(Beginning of THE DATA)

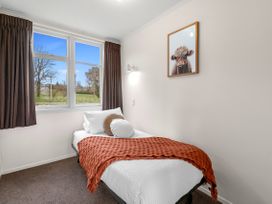 A bedroom with a bed and window at Rotorua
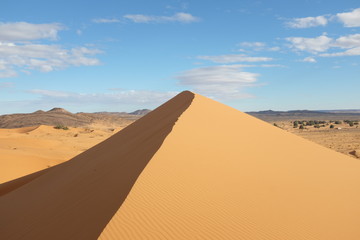 Fototapeta na wymiar Sahara Desert Landscape with Dune and Mountains in Morocco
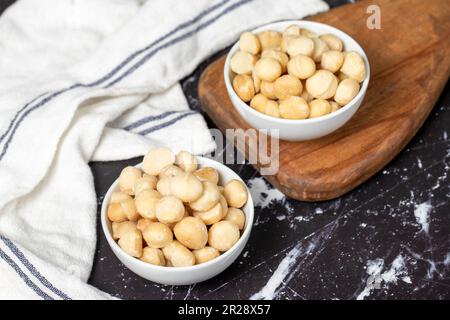 Macadamianüsse. Geschälte Macadamianüsse in einer Keramikschüssel. Superfood. Vegetarisches Speisenkonzept. Gesunde Snacks Stockfoto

(End of THE DATA)

WORK ORDER
Copy exactly the lines from the line holding "Fototapeta na wymiar" to the final line of the listing, and leave the pictures out.

ANSWER AREA
 Fototapeta na wymiar Sahara Desert Landscape with Dune and Mountains in Morocco
 Macadamianüsse. Geschälte Macadamianüsse in einer Keramikschüssel. Superfood. Vegetarisches Speisenkonzept. Gesunde Snacks Stockfoto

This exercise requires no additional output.